| Data for this task |

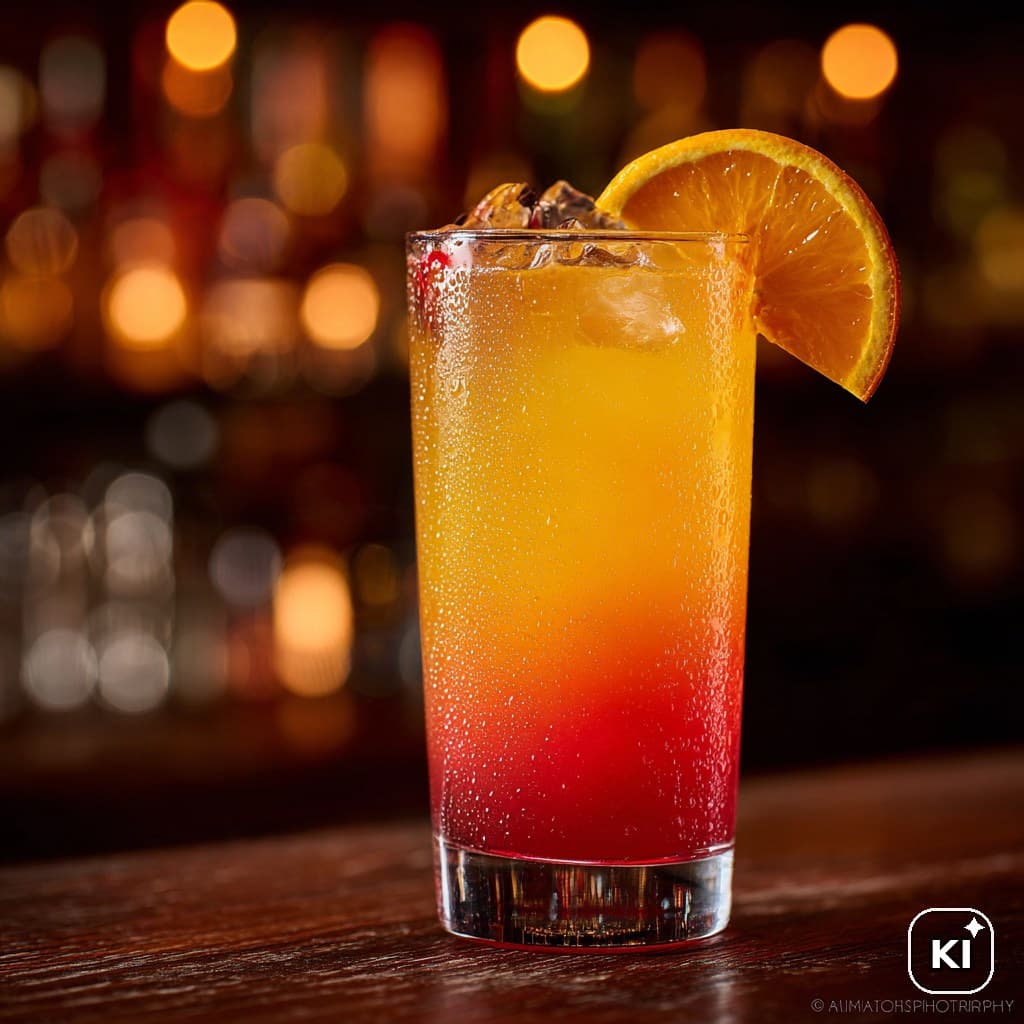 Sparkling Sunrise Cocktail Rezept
* * *
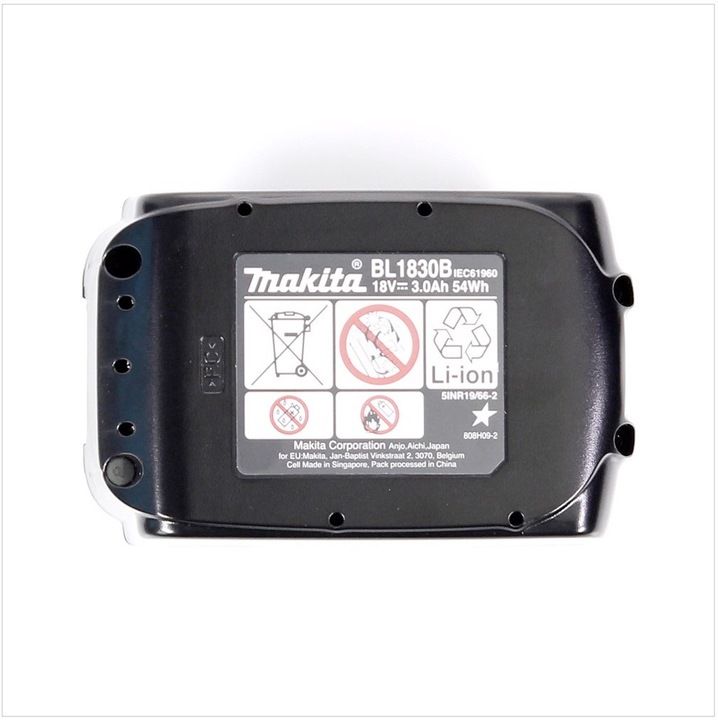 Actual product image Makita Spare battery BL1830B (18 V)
--
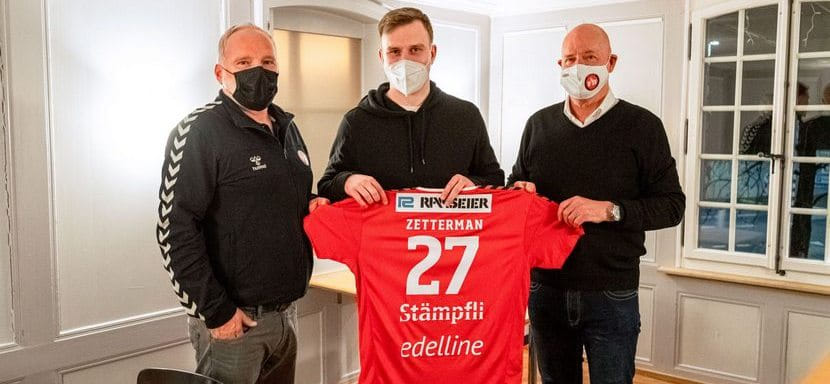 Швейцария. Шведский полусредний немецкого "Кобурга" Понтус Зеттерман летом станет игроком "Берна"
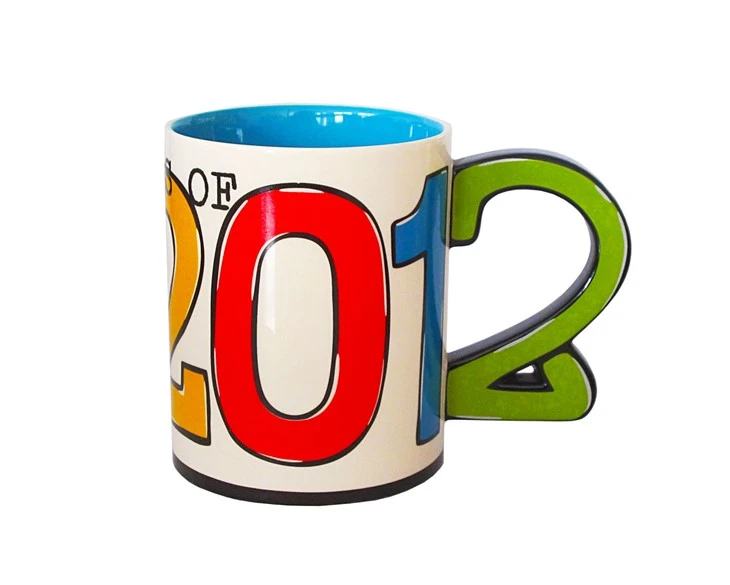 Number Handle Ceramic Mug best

| Task brief |
Range to copy from the listing above: the line with "Швейцария. Шведский полусредний" through the line with "Number Handle Ceramic Mug best". Transcribe it exactly and skip the pictures.

| Problem solution |
 Швейцария. Шведский полусредний немецкого "Кобурга" Понтус Зеттерман летом станет игроком "Берна"
 Number Handle Ceramic Mug best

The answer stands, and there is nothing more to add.